Yesterday, I shared my Common Sense Advertising Scheduling principles I usually use with my station, WOWO Radio in Fort Wayne, Indiana. Today I couple of methods to create an alternate perception of reality.
That sounds almost scary, “create an alternate perception of reality,” but it’s not. It’s simply a method to help you stretch your advertising dollars if you need to.
As a News Talk radio station, WOWO listeners are active listeners. They are less likely to mentally tune out when advertising comes on the radio. We are accustomed to hearing talk and the news talk format is brain food, not escapism entertainment.
I have discovered that with a tight advertising budget, it may not be possible for some businesses to buy the ownership schedule a mentioned yesterday. That option is one ad per hour during a 3 hour radio program on WOWO, 5 days a week. 15 ads per week.
If those 15 ads per week were priced at $100 each, that ads up to over $75,000 per year. If we were to only use my secret sauce of shorter messages at 1/2 that price and we are still pushing $30,000 annually. That may be too much for a young start up business.
So besides varying the length of the message, there are a couple of Advertising Scheduling Hacks that I sometime recommend:
- 3 weeks per month. Instead of every week, we may be able to knock 25% off by scheduling an off week each month.
- 4 days per week. Instead of every day, 5 days a week, what if we did 4 out of 5 days? This would reduce the cost by 20%.
Loyal listeners who are listening daily or nearly every day, are not going to notice this. I recall talking with a friend who swore he heard one of my advertising partners every day, 4 or 5 times each day. That was his perception.
Reality was that they advertised 4 days a week, 12 ads each week, 3 weeks each month. However we created an alternate perception of reality with this loyal listener.
Now before we wrap up this subject today, I want to warn you about an Advertising Schedule Hack that you don’t want to try.
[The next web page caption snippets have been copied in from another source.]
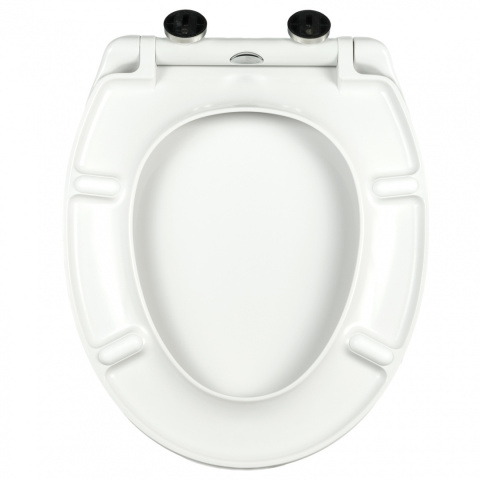 Deska WC wolnoopadająca DUROPLAST SN9442 Deska WC wolnoopadająca DUROPLAST SN9442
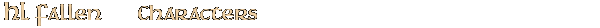 Contentbox headline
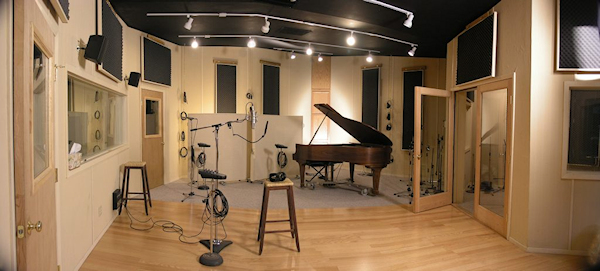 Tanglewood Productions Recording Studio
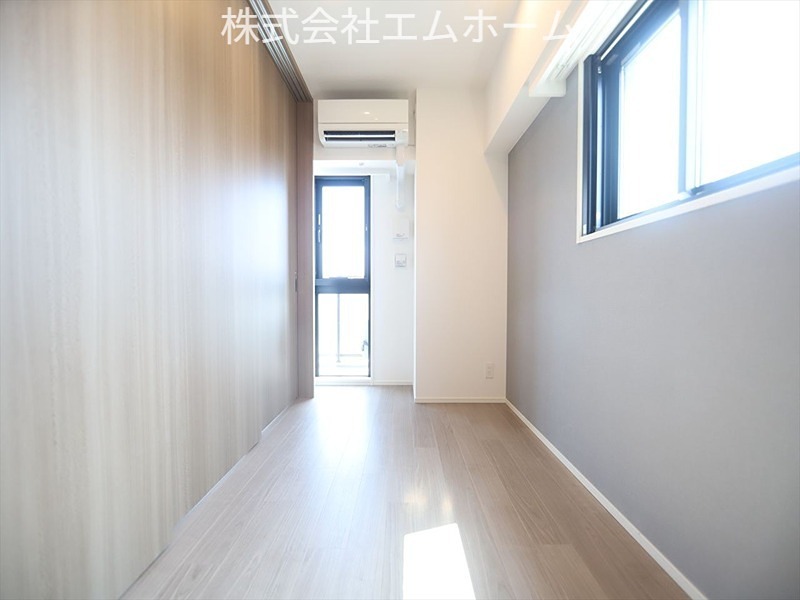 その他部屋・スペース　洋室5.5帖　エアコン完備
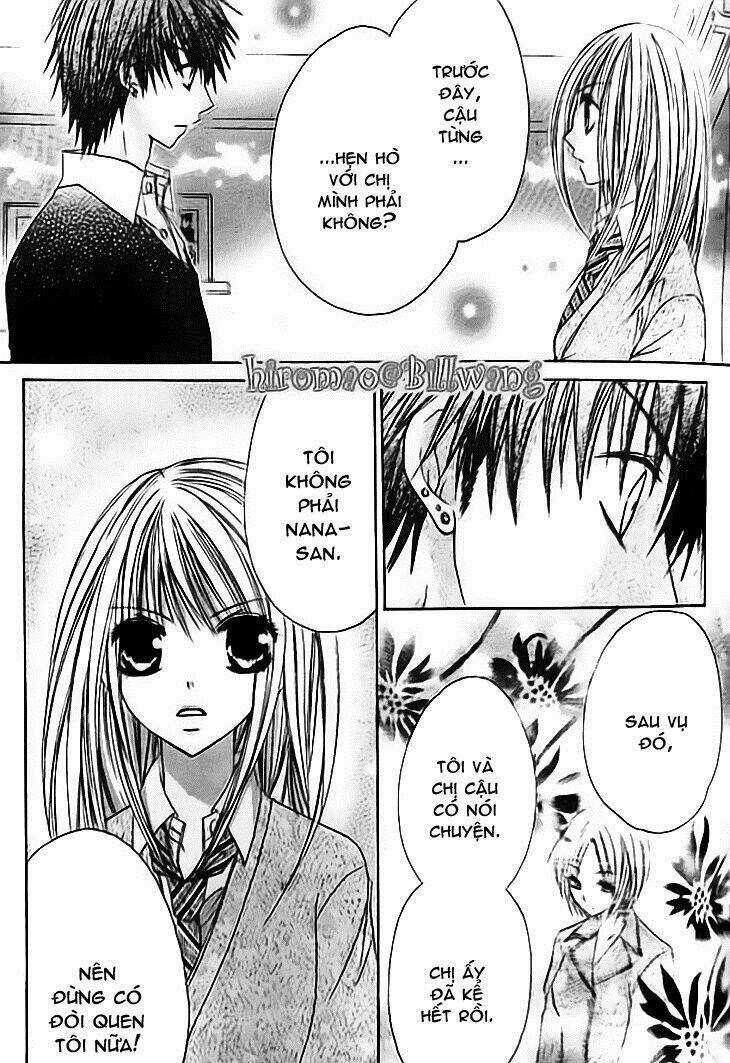 Kiken Jun’ai D.n.a. - Chapter 9 - Trang 10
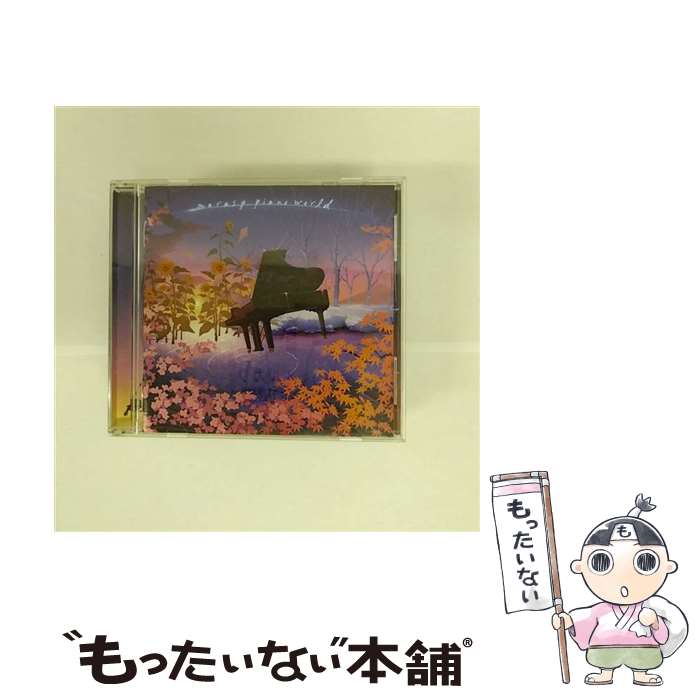  marasy　piano　world/CD/SCGA-00014 / まらしぃ/marasy / Subcul-rise Record 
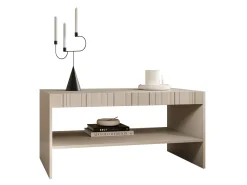 Sofabord Evavese 107 (Beige)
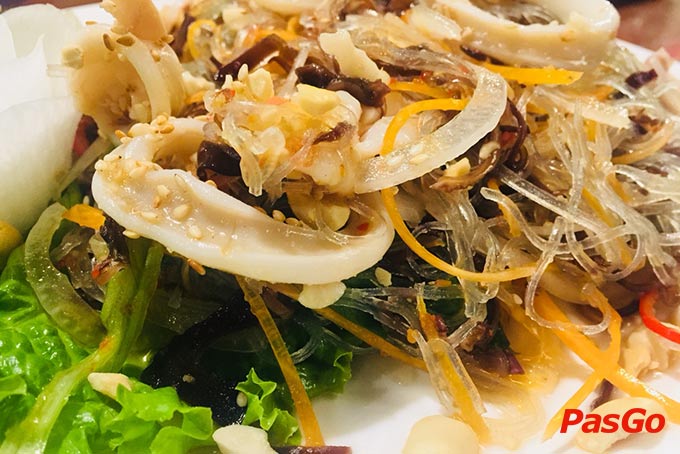 Nhà hàng COMBO Helios Tower Tam Trinh  15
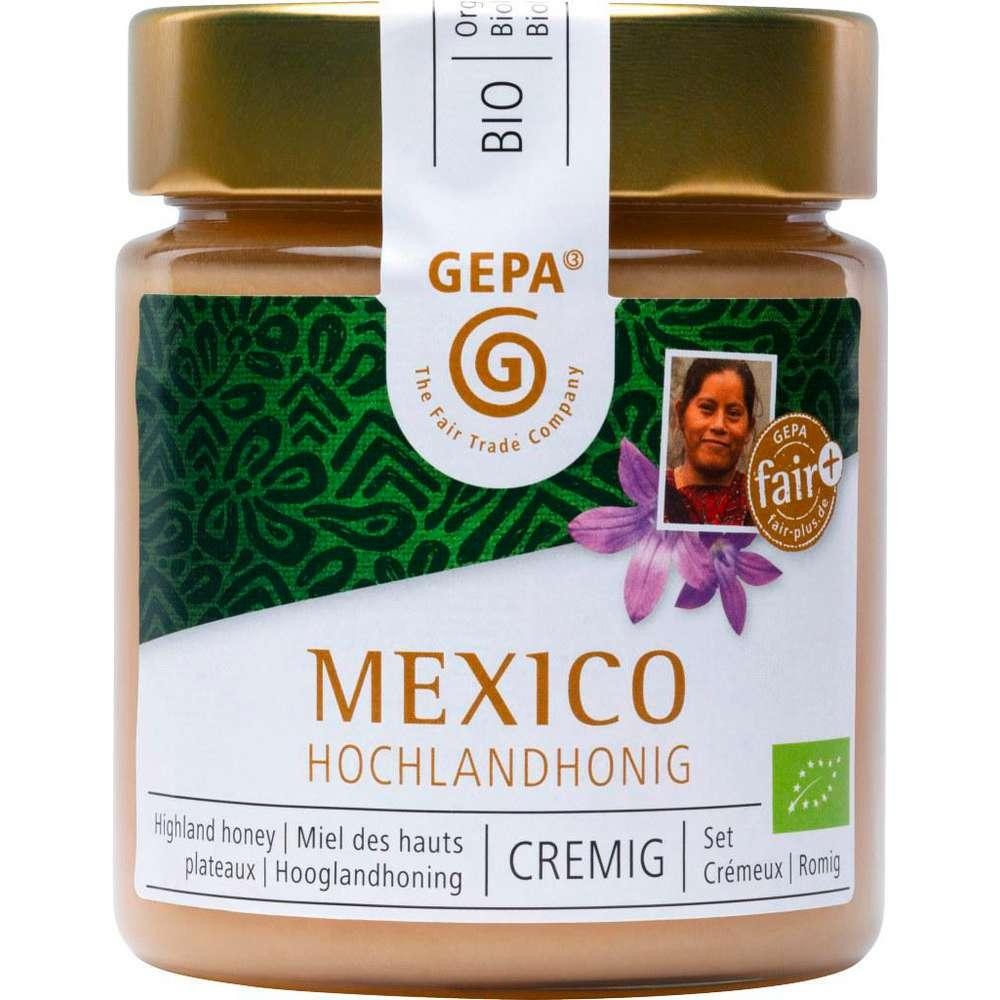 Gepa Organic Mexico Honey creamy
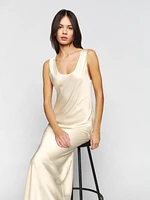 Brendan Satin Dress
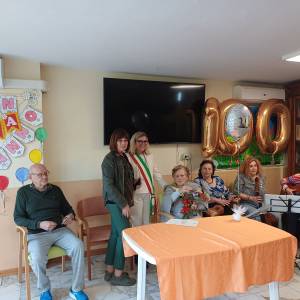 100 anni rsa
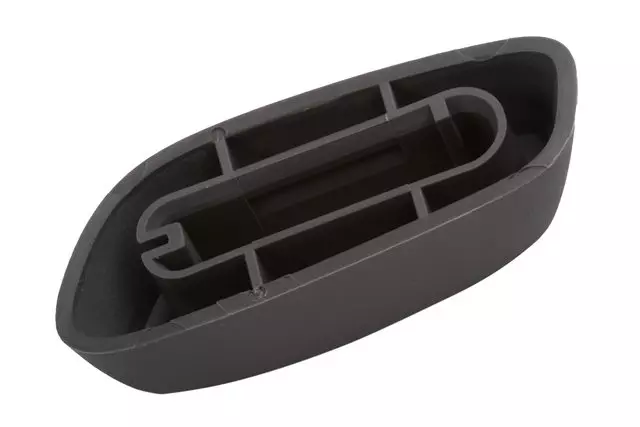 Dark Titanium Passenger Seat Adjuster Knob - GM (22843971)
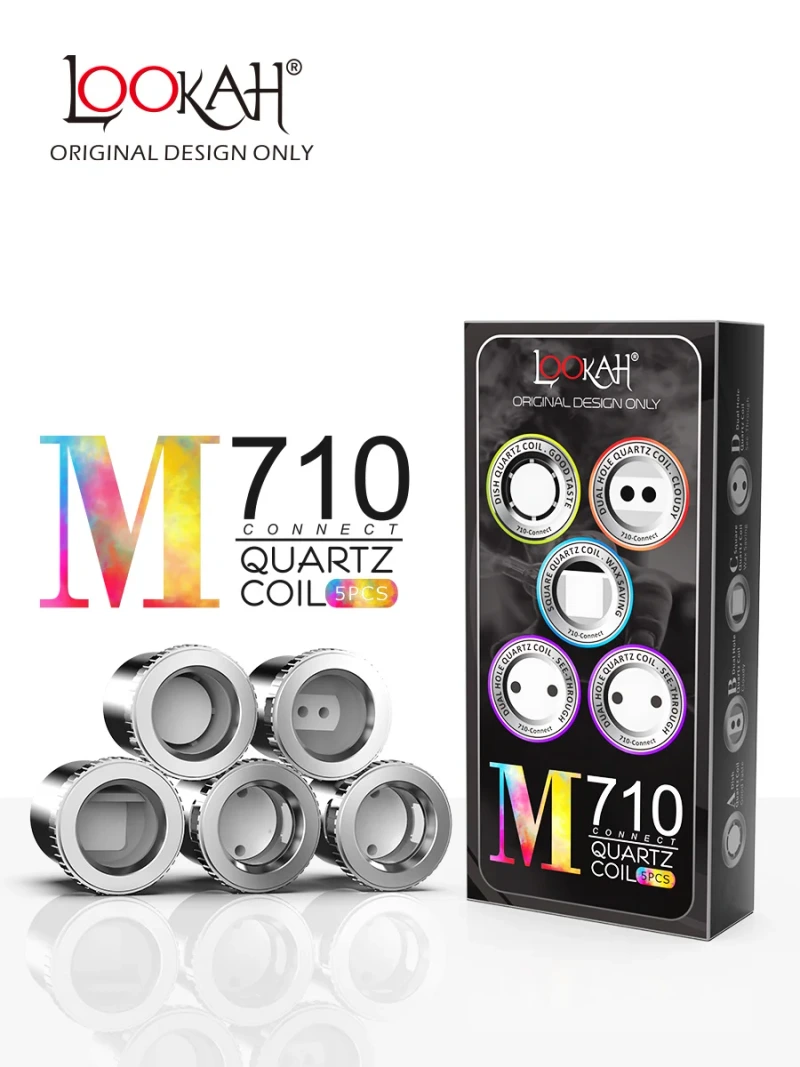 LOOKAH SEAHORSE 710 TYPE M COIL 5PCS/PK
The same software programs that take the listenership data from the ratings companies are often used by advertising agency media buyers to craft the perfect schedule. They use terms like Gross Rating Points and other criteria that ignores the human relationship principles and habits and they come up with some really weird schedules. When I worked for another group of radio stations and worked with a lot of media buyers, I would have to play their numbers game, but I usually would send them a Common Sense Advertising Schedule too.
Beware of media salespeople who can’t explain in simple terms you understand the advertising program they are recommending.